Task details:
Would you output the lines from the one with "Коричневий Шкода Суперб, об'ємом" through the last line of the material below, exactly, but without pictures?

Available data:

──────

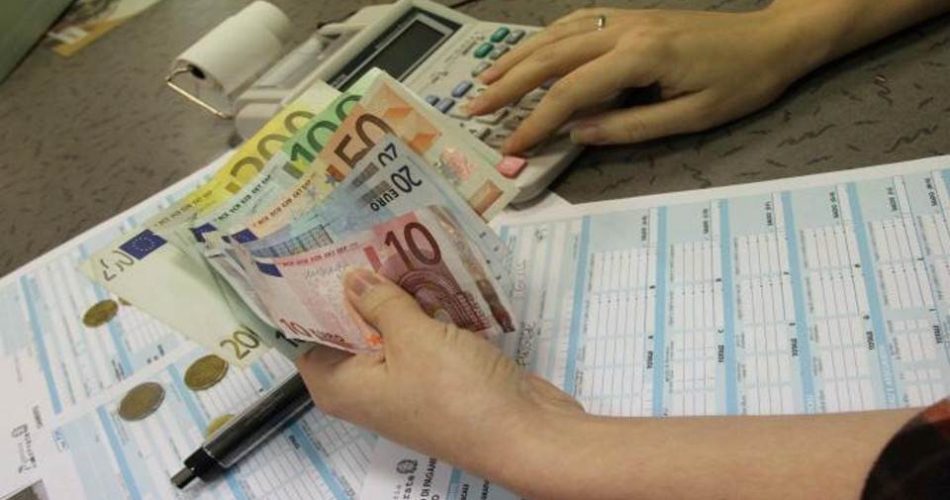 imu: 75mila contribuenti baresi oggi al pagamento. salasso finanziario, ma servizi comunali mediocri immagine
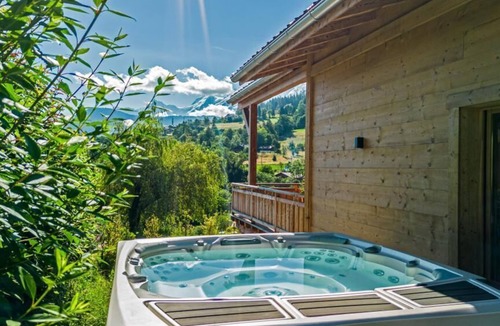 Combloux Ski Chalet | Le Tiki Mont Blanc Chalet Avec Jacuzzi et vue Mont Blanc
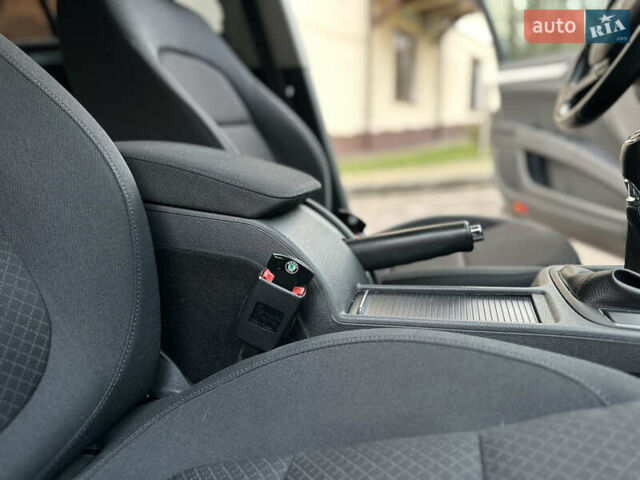 Коричневий Шкода Суперб, об'ємом двигуна 1.6 л та пробігом 258 тис. км за 10899 $, фото 127 на Automoto.ua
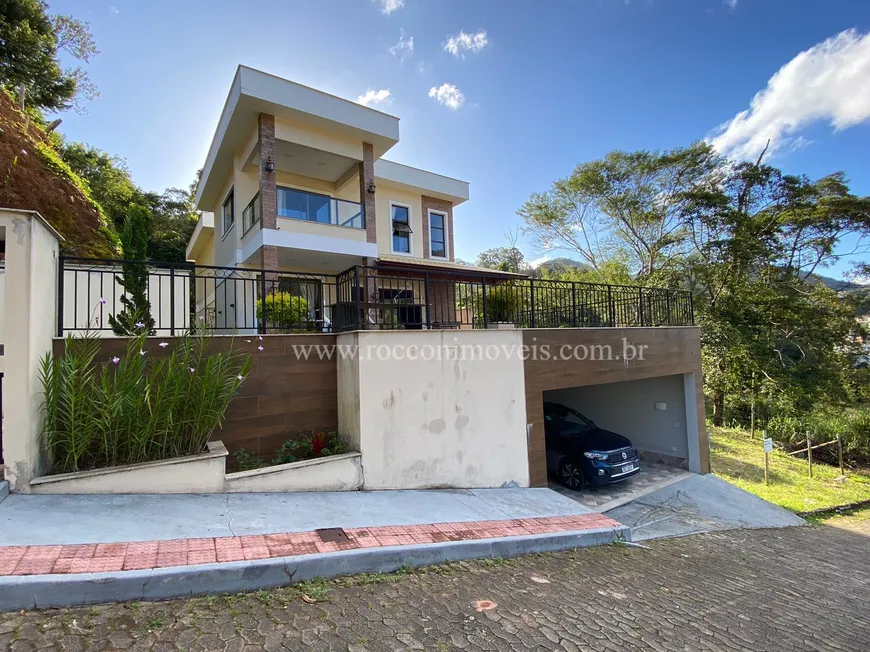 Foto 1 de Casa com 4 Quartos à venda, 372m² em Centro, Domingos Martins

──────

Result of the task:
 Коричневий Шкода Суперб, об'ємом двигуна 1.6 л та пробігом 258 тис. км за 10899 $, фото 127 на Automoto.ua
 Foto 1 de Casa com 4 Quartos à venda, 372m² em Centro, Domingos Martins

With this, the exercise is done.